MEXICO CITY — Houston Texans quarterback Brock Osweiler was targeted with a laser pointer during the second quarter of Monday night's game against the Oakland Raiders at Estadio Azteca.
Several green flashes appeared on the field as the game was deadlocked 10-10, with a beam appearing to have been deliberately aimed at Osweiler and reflecting off his helmet.
According to ESPN's Monday Night Football telecast, NFL security staff was aware of the matter and investigating with a view to having the culprit identified and removed from the stadium.
The most noticeable occurrence came as Osweiler threw an incomplete pass toward DeAndre Hopkins near midfield. Social media was quickly abuzz as the dramatic images of the beam lighting the quarterback's helmet from a distance was displayed on television.

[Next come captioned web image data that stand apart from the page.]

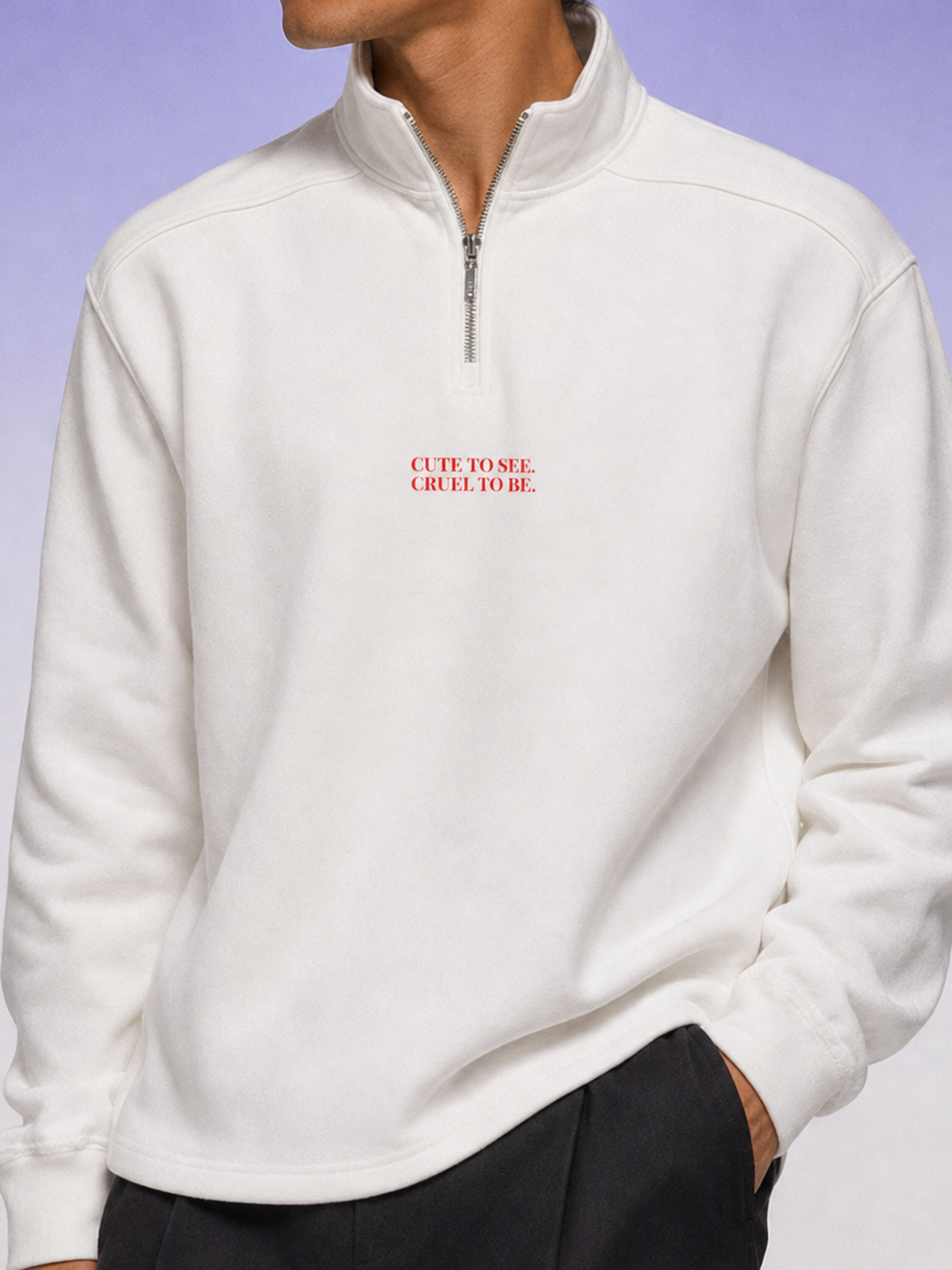 Cute To See Unisex Half-Zip Rolled Edge Fleece Sweatshirt ( Purple Eyes )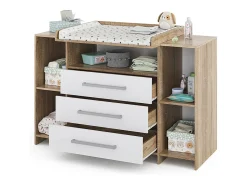 Cómoda para mudar de roupa branco/sonoma 143x70x100 oskar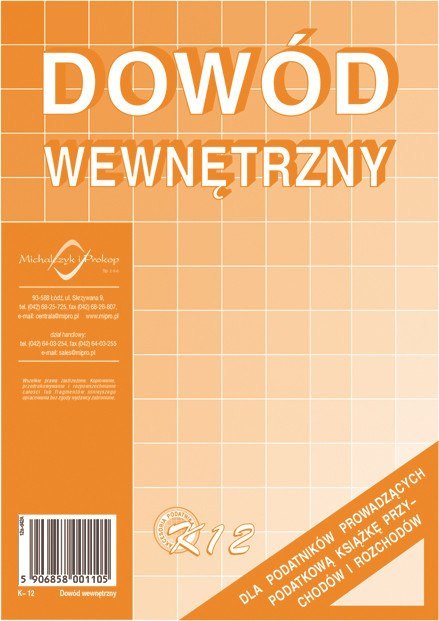 Dowód wewnętrzny dla podatników prowadzących podatkową k.p.i.r.K-12 Michalczyk i Prokop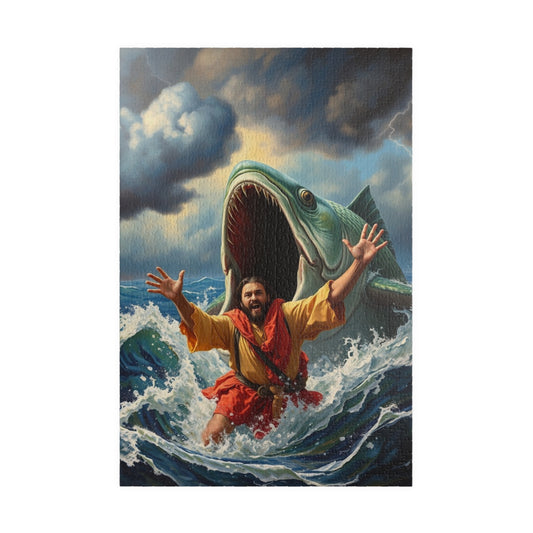Christian Faith-Based Puzzle, Jonah and the Big Fish Epic Bible Story, Religious Jigsaw Game, Spiritual Gift for Puzzle Lover, Bible Puzzle 1014 pcs (Vertical) Puzzle The Puzzle Chest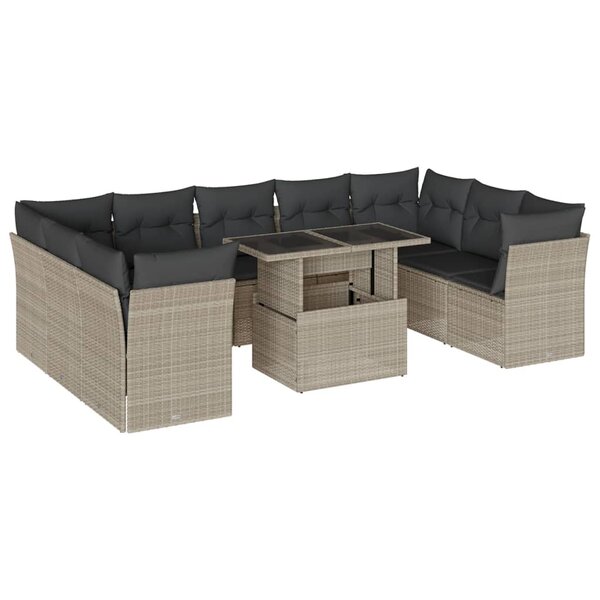 vidaXL Salon de jardin avec coussins 10 Pièces gris clair résine tressée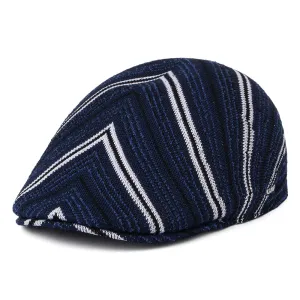 Kangol Diagonal Stripes Tropic 507 Flat Cap - Navy Blue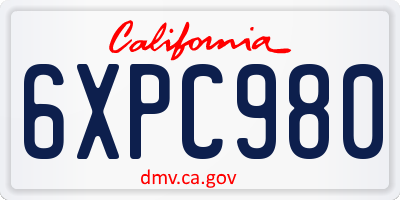 CA license plate 6XPC980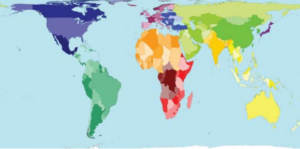 Map showing land are of all countries across the world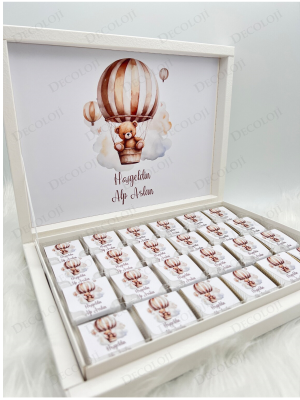 Ayıcık Temalı Hoşgeldin Bebek Çikolata Kutusu (Erkek)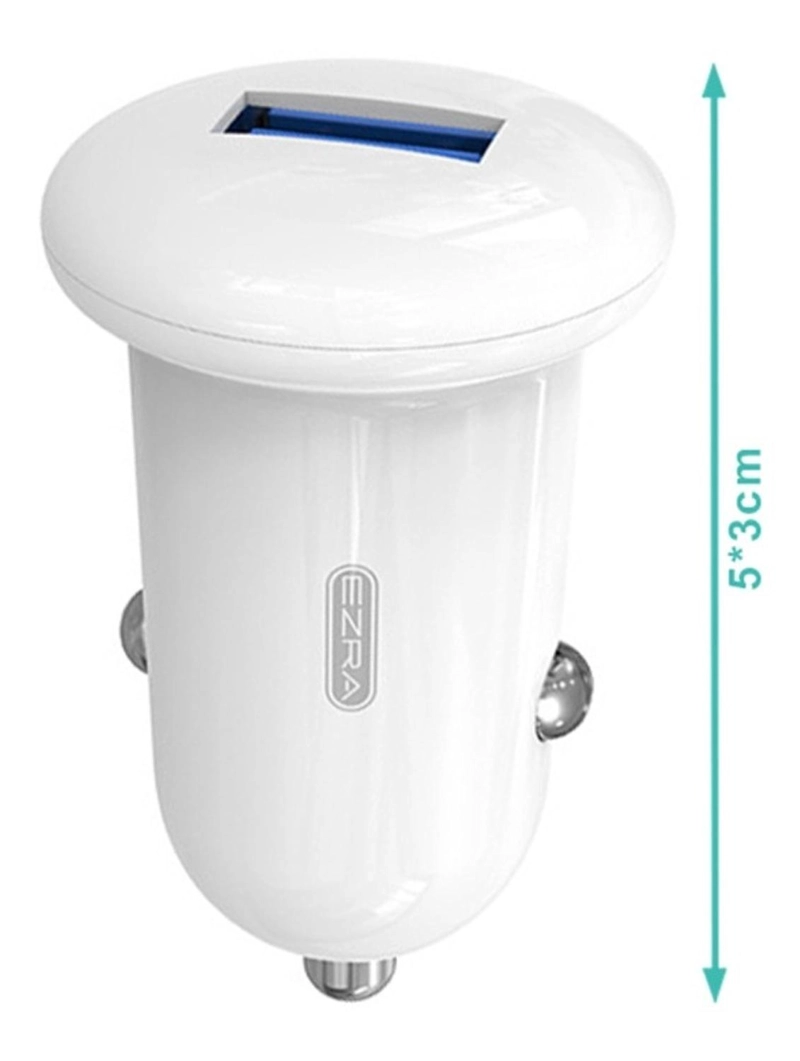 CARGADOR DE TELE FONO BLANCO PARA AUTO USB 3.0 ENTRADA SIMPLE - 2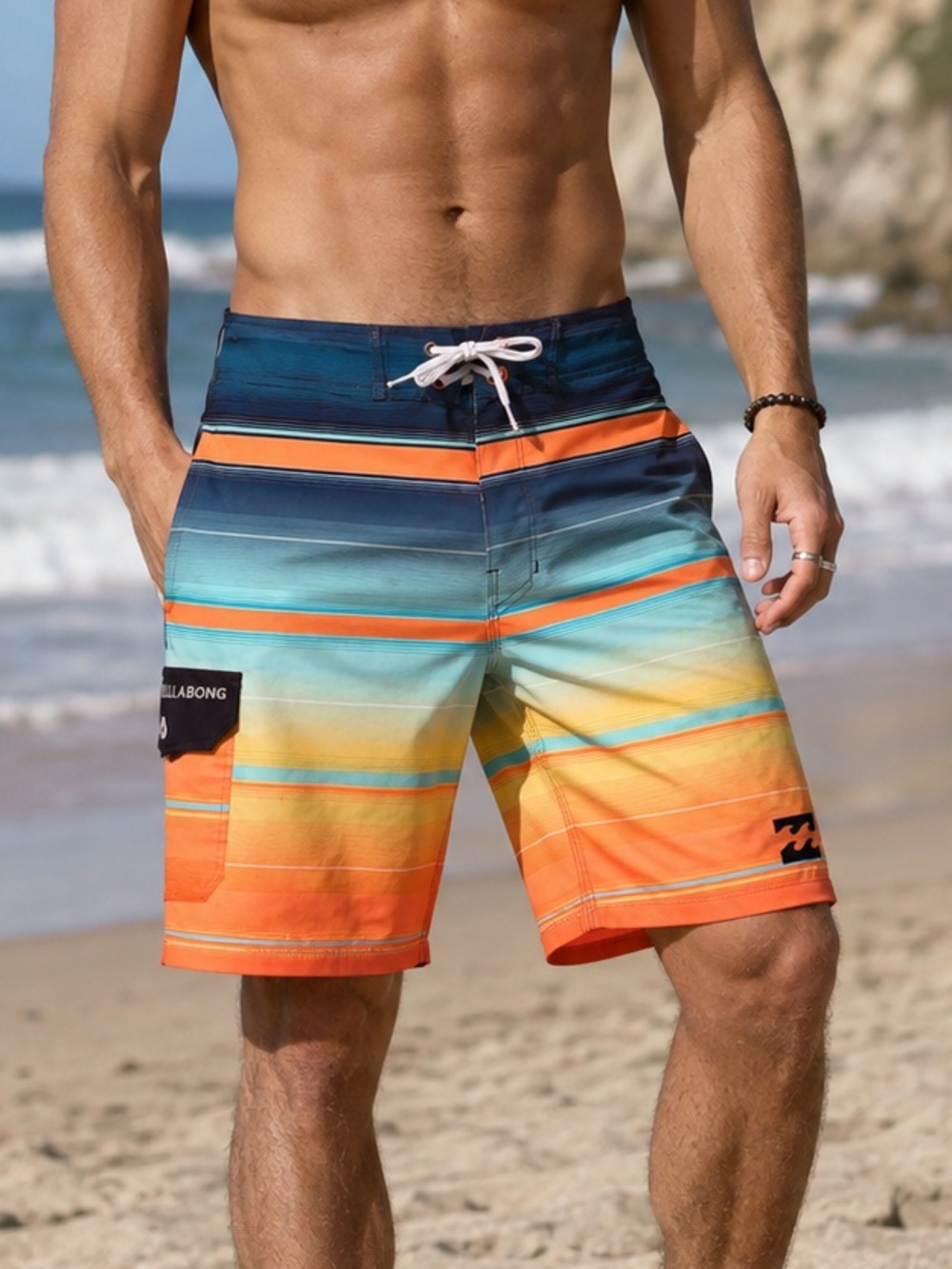 Billabong Platinum X All Day Striped Board Shorts Men’s Surf Y2K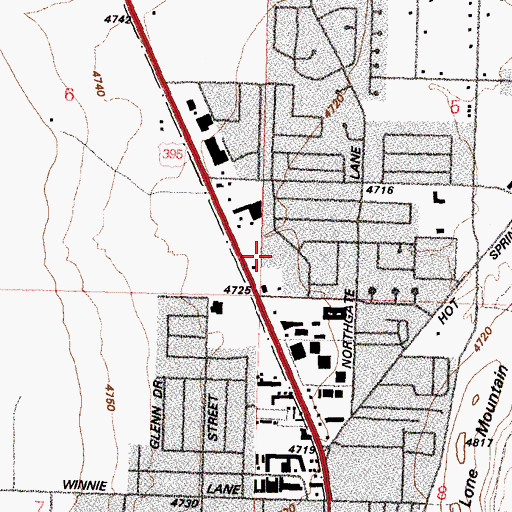 Topographic Map of The Mallard Center, NV
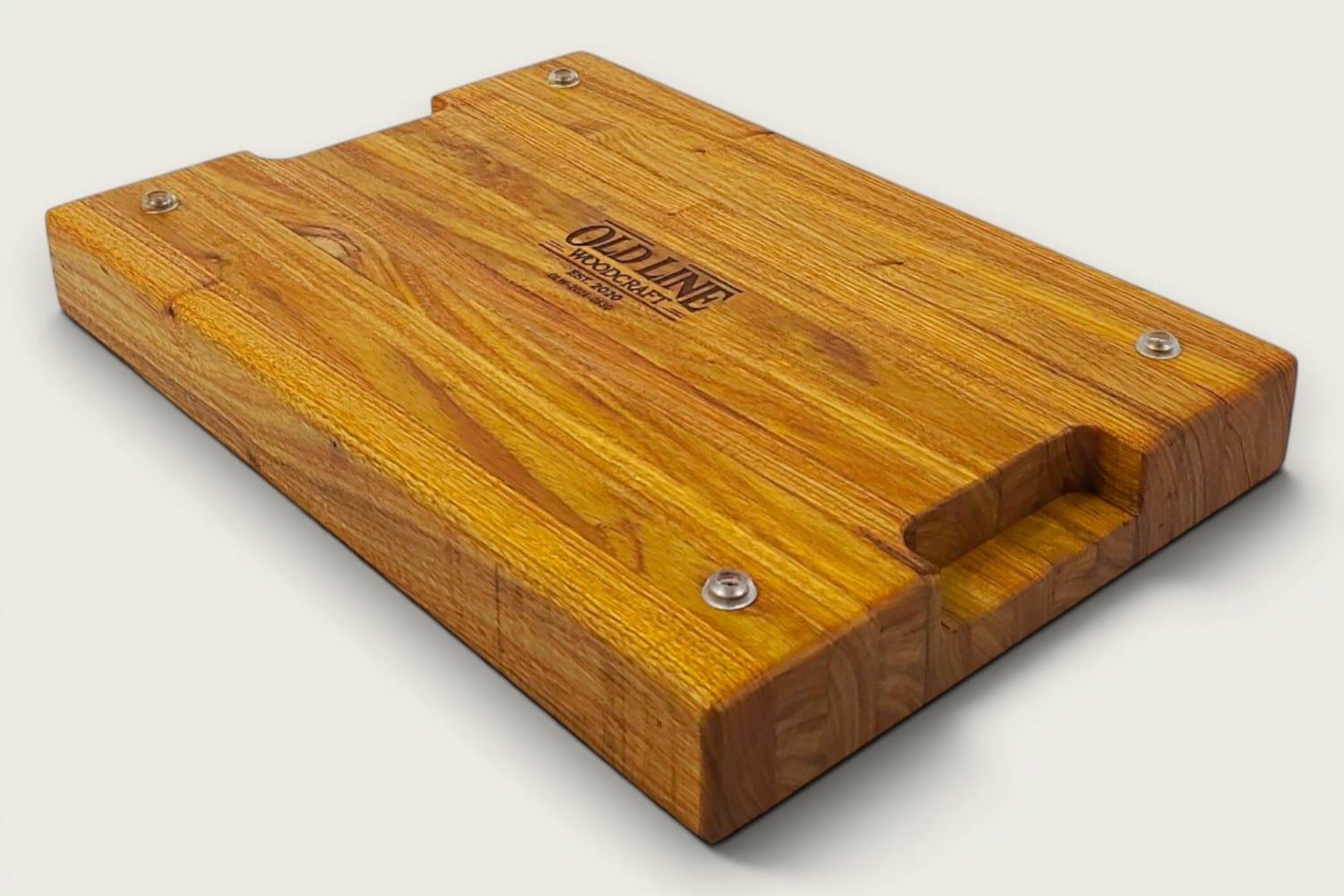 Canary Butcher Block Board in canarywood, edge-grain rectangle, tung-oil finish, warm gold tones, bottom recessed handle.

A separate play, involving running back Akeem Hunt, saw further beamed flashes appear on the field in Hunt’s direction as he attempted to gain ground.
“I never want to say one thing’s a difference maker, but certainly having a laser zoomed in your eyeball definitely affects how you play a game,” Osweiler said after Houston's 27-20 loss.
Oakland players also noticed.
“Yeah, that was kind of weird,” Raiders pass rusher Khalil Mack said. “I saw that and I thought I was in the Twilight Zone.”
In 2013, United States national team soccer goalkeeper Brad Guzan was targeted repeatedly at the same venue by Mexico fans using green laser beams during a 0-0 draw in World Cup qualifying.
An NFL game between the Detroit Lions and Buffalo Bills in 2014 was also affected. Back then, leading opthamology expert Dr. Robert Josephberg told USA TODAY Sports that the kind of highly-powerful lasers available today are “powerful weapons that can cause very severe damage and blindness.”
Green lasers are around 500 times more powerful than a typical red laser pointer that might be used in a classroom setting.